Posted April 14, 2026
By Sean Ring
Autocrat Ousted; Congratulates Victorious Opponent
For two years while I lived in London, I dated a beautiful Hungarian woman. She took me to Budapest, its capital; Eger, the center of its wine region; and - are you ready for this - Kiskunfélegyháza, her hometown.
I learned a few Hungarian words. The language may be the toughest to learn in the Western world. It’s somehow related to Finnish, through the Uralic language family, which is completely separate from the Indo-European family (which includes English, German, Italian, and the Slavic languages).
I love their goulash and the creamy version of their famous cucumber salad, uborkasaláta, shortened to ubisali, especially when it’s washed down with a Dreher beer.
Budapest is one of the great cities of Europe, safe and clean, and unobstructed by refugees trying to make it like their hometown. It’s much like my favorite city in Poland, Wroclaw, though it’s much bigger.

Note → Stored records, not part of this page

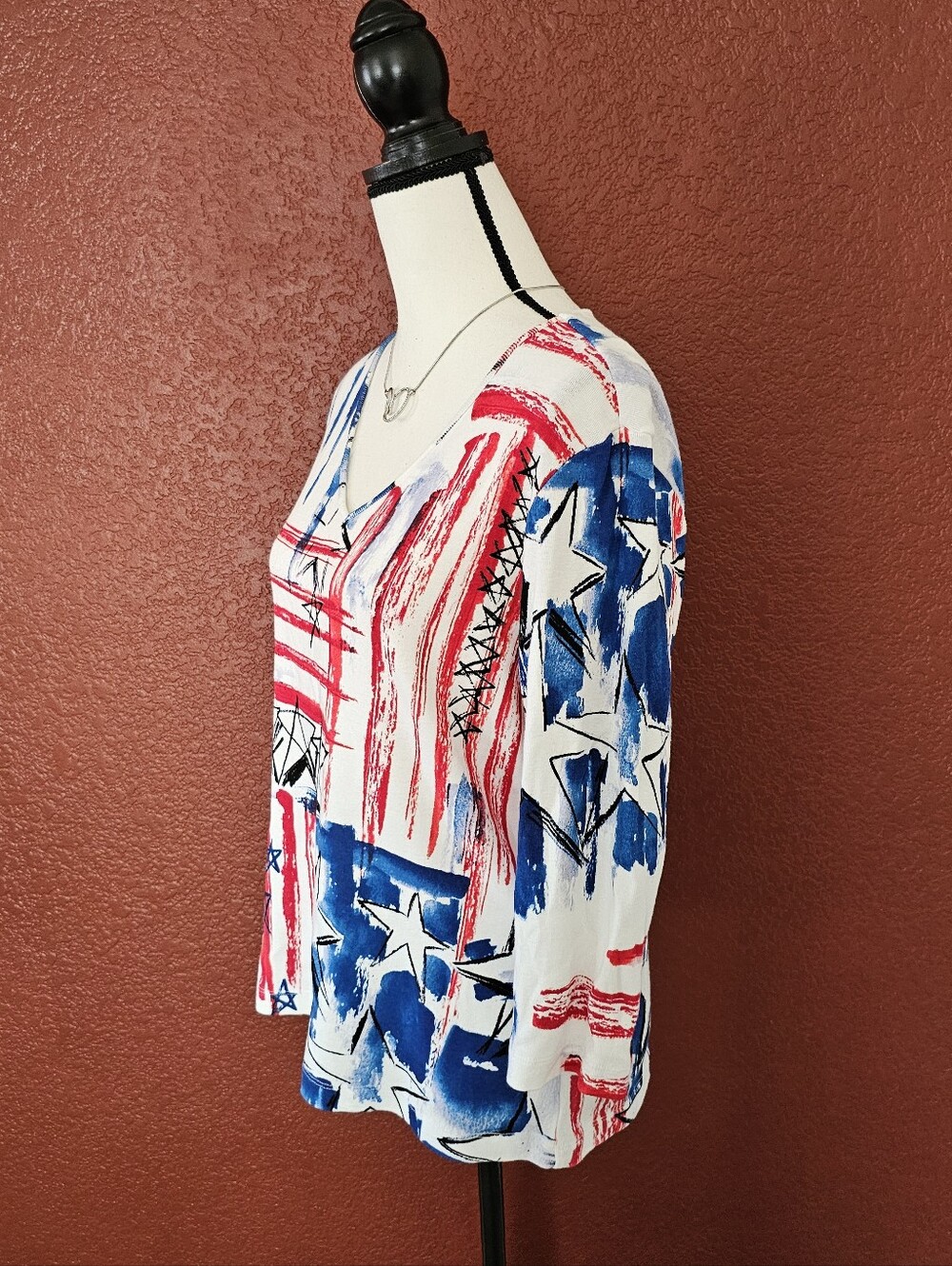 Chico's Red, Blue & White Abstract Flag-Style V-Neck Top - Picture 4 of 8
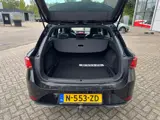Foto 24 van Seat Leon Sportstourer 1.5 eTSI FR Business Panodak,Camera,trkhaak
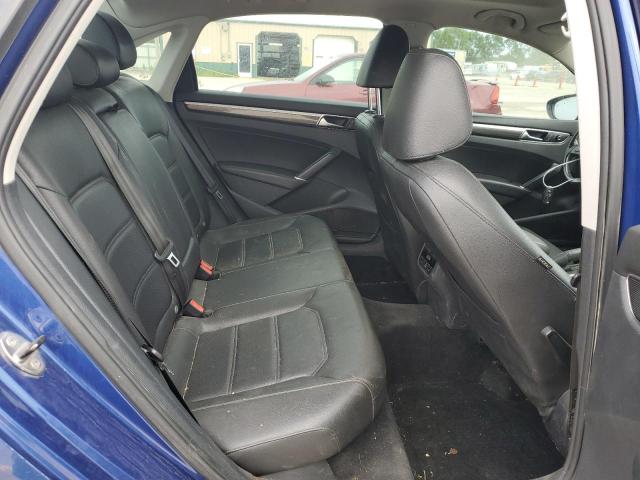 2017 VOLKSWAGEN PASSAT SE - 1VWGT7A31HC056480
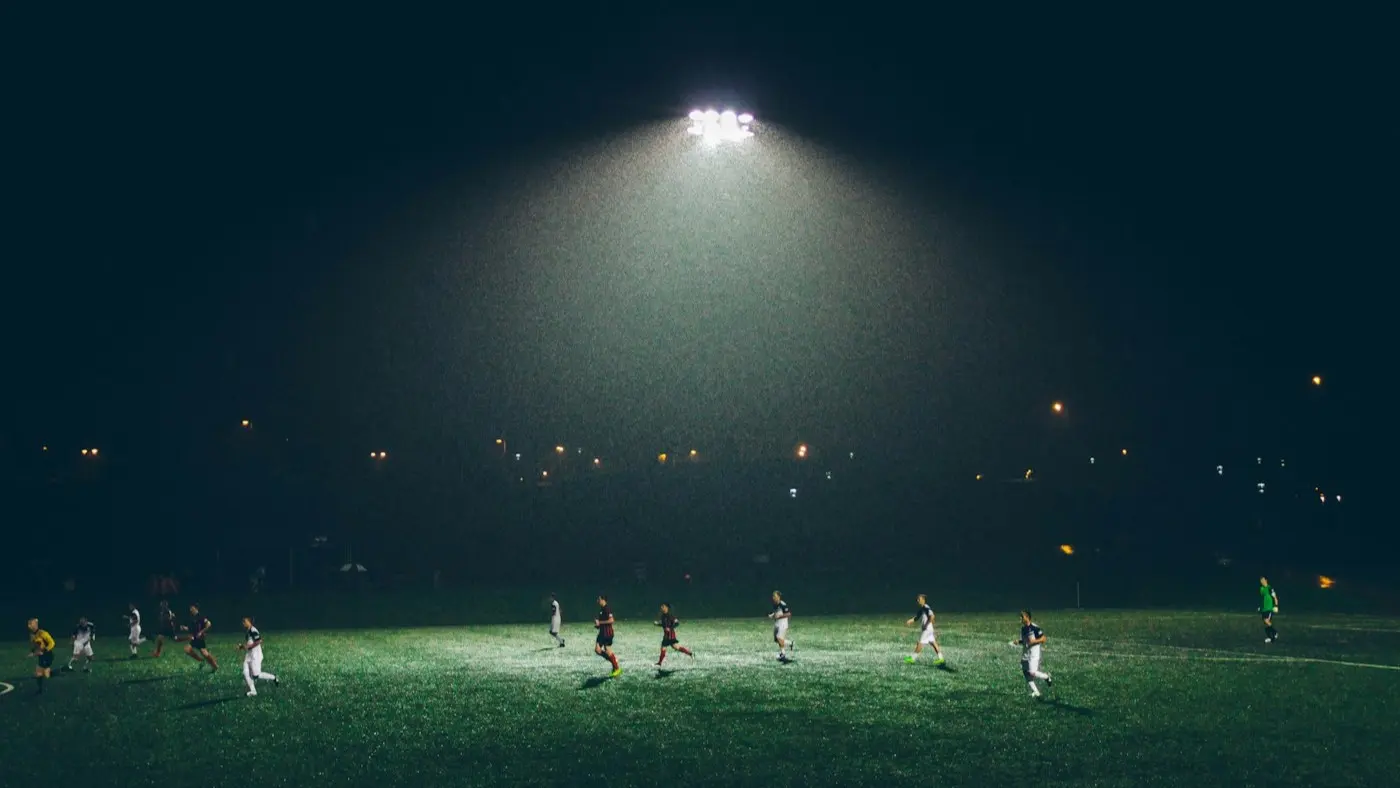 Césped y gradas de un estadio de fútbol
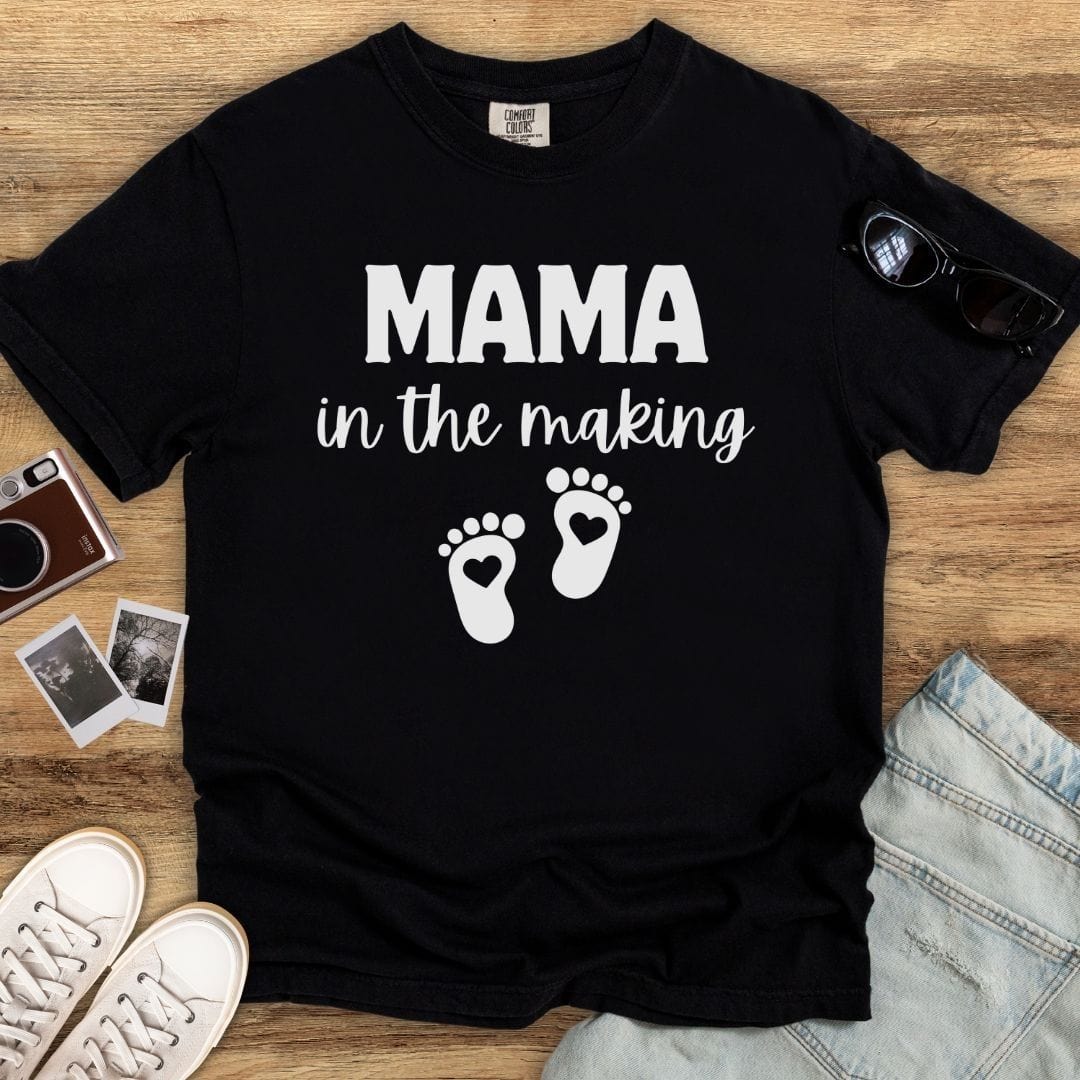 Mama in the Making T-shirt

Budapest is absolutely worth visiting if you get the chance.
My old girlfriend - I can’t believe over 20 years have passed - moved to London because then Hungary was an economic backwater, but EU rules allow freedom of movement. (Of course, the UK was still in the EU.) She used to talk about her home country often, which is when I first heard about Viktor Orbán.
Like most Hungarians, she was a fan. And when he went on Tucker Carlson last year, I had figured out why. Orbán was a Hungarian freedom fighter, arrested and tortured by the Russians at the end of the Cold War, but held no grudges. He knew Russia wasn’t going anywhere, and he had to deal with them, a far more mature attitude to diplomacy than, say, the Ukrainians or Americans display towards Russia. Orbán also seemed like the kind of guy I’d enjoy having a beer with.
But people get tired, and 16 years is a long time to run a country.
Viktor Orbán found out on Saturday that, while the Hungarian people still agreed with most of his ideas, they were ready for change and pulled that lever.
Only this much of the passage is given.